Short descriptive text snippets:
::::::::

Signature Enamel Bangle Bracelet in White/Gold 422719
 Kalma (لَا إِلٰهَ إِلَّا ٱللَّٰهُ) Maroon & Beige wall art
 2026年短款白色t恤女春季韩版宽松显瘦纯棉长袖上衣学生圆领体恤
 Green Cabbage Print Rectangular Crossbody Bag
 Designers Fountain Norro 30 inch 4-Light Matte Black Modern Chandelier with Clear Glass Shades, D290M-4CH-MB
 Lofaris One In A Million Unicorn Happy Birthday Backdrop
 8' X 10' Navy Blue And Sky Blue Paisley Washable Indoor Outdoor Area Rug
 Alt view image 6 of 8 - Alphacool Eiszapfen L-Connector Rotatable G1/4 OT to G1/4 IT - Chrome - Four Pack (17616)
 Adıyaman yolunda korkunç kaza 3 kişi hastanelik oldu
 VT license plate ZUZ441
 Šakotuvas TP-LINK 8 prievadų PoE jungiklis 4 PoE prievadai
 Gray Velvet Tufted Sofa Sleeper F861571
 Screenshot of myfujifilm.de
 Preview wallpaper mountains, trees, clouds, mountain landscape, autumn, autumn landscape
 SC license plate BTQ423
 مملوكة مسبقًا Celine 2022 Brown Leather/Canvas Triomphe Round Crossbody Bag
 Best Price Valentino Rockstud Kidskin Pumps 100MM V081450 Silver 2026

::::::::

PROBLEM DESCRIPTION
Copy only the entries from the first line to the line with "Designers Fountain Norro", each exactly as it appears.

SOLUTION TO THIS EXERCISE
Signature Enamel Bangle Bracelet in White/Gold 422719
 Kalma (لَا إِلٰهَ إِلَّا ٱللَّٰهُ) Maroon & Beige wall art
 2026年短款白色t恤女春季韩版宽松显瘦纯棉长袖上衣学生圆领体恤
 Green Cabbage Print Rectangular Crossbody Bag
 Designers Fountain Norro 30 inch 4-Light Matte Black Modern Chandelier with Clear Glass Shades, D290M-4CH-MB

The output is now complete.